### What you are asked to do
Output all entries precisely and leave out the pictures.
++++ Provided entries
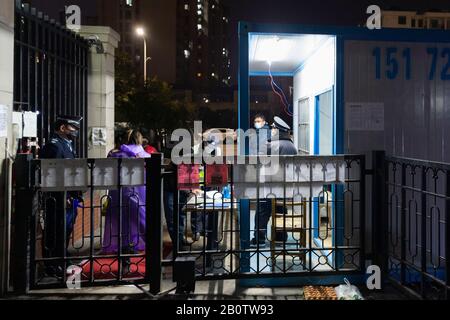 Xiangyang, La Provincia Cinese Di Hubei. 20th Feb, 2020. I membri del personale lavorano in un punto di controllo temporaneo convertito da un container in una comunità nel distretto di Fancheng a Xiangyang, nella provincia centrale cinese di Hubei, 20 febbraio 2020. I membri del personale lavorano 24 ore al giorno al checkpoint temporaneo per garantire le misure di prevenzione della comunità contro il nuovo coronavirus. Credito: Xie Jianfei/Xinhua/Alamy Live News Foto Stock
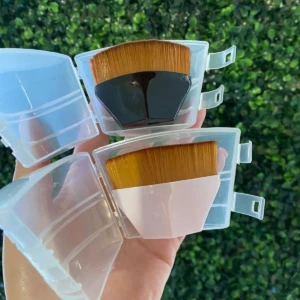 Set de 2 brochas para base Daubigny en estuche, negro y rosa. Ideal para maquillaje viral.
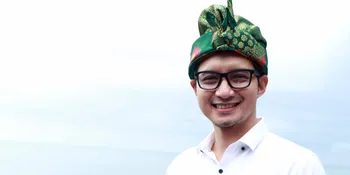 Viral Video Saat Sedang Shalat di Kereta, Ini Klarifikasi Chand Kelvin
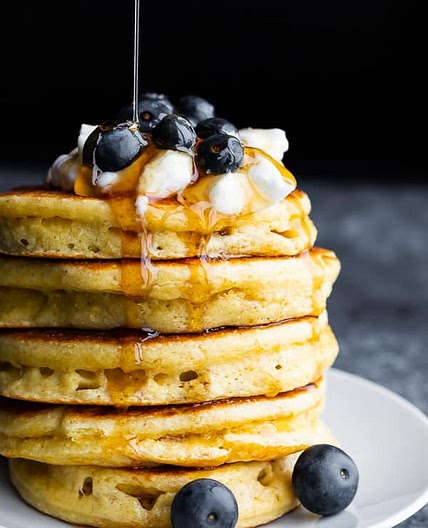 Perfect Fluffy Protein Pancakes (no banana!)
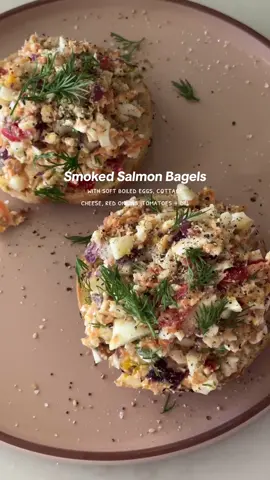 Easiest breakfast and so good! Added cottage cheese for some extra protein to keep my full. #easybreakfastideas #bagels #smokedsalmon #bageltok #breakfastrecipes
++++++++
### The completed task
 Xiangyang, La Provincia Cinese Di Hubei. 20th Feb, 2020. I membri del personale lavorano in un punto di controllo temporaneo convertito da un container in una comunità nel distretto di Fancheng a Xiangyang, nella provincia centrale cinese di Hubei, 20 febbraio 2020. I membri del personale lavorano 24 ore al giorno al checkpoint temporaneo per garantire le misure di prevenzione della comunità contro il nuovo coronavirus. Credito: Xie Jianfei/Xinhua/Alamy Live News Foto Stock
 Set de 2 brochas para base Daubigny en estuche, negro y rosa. Ideal para maquillaje viral.
 Viral Video Saat Sedang Shalat di Kereta, Ini Klarifikasi Chand Kelvin
 Perfect Fluffy Protein Pancakes (no banana!)
 Easiest breakfast and so good! Added cottage cheese for some extra protein to keep my full. #easybreakfastideas #bagels #smokedsalmon #bageltok #breakfastrecipes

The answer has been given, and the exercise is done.